Hugo : « J’ai exploré beaucoup d’avenues dans ma carrière et il y a des choses qui étaient mieux pour moi. Je n’ai pas une diète exceptionnelle, je m’assure seulement d’avoir suffisamment de protéines et c’est la priorité. Je mange beaucoup de glucides, parce que c’est mon gaz. Je suis un fan de riz et d’avoine et j’en ai dans presque tous mes repas. C’est quelque chose qui rentre bien et ça garde mon niveau d’énergie vraiment haut. Dans les 10 minutes qui suivent la fin de l’entrainement, je m’assure d’avoir un minimum de 30 grammes de protéine de Whey. Au total, je dois manger à peu près 5 repas par jour.
Ce qui fonctionne pour moi les semaines avant une compétition, c’est de garder le même rythme en mangeant la même chose qu’en entrainement. Par contre pendant une période de compétition comme un championnat du monde, on s’entraine moins. Il faut alors réduire aux bonnes places. Ne pas perdre de poids et ne pas en prendre non plus, parce que quand on est stressé, on a tendance à manger plus.
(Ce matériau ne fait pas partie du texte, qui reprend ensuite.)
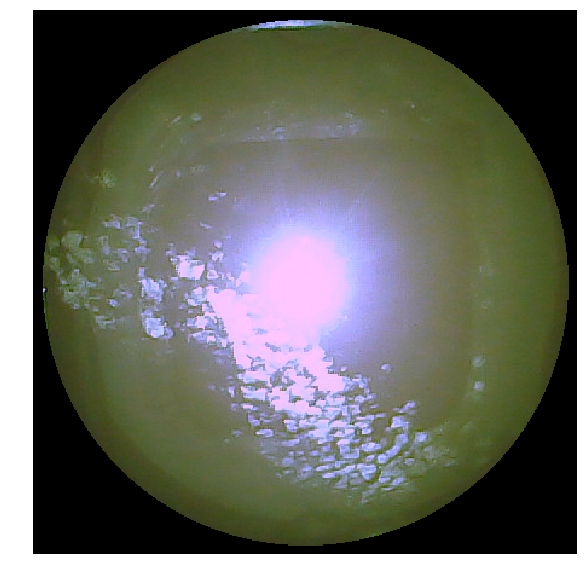 Refer to caption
Moi je mange comme un métronome, surtout 3-4 jours avant l’événement. Je ne pense pas. Je donne à mon corps ce dont il a besoin. Disons que ce n’est pas de la fine cuisine, c’est très Plain ! »
Vous en savez maintenant un peu plus sur cette fine méthode de travail qu’Hugo Barrette utilise pour être parmi les meilleurs au monde de la discipline. Par contre, il ne dévoile pas ses secrets les mieux gardés. Voici la fin de ma conversation avec lui.
Moi : Fais-tu du gym pendant les mondiaux?
Hugo : J’ai mes exercices clefs que je me garde en poche et je les fais avant les courses importantes.
Moi : C’est quoi tes exercices clefs?
Hugo : Non désolé ça ne sort pas de mon clan ça! Je ne le dis pas! Désolé!
Moi : Parfait, garde ça secret et continu de les faire. Ça marche! Bon mondiaux mon cher!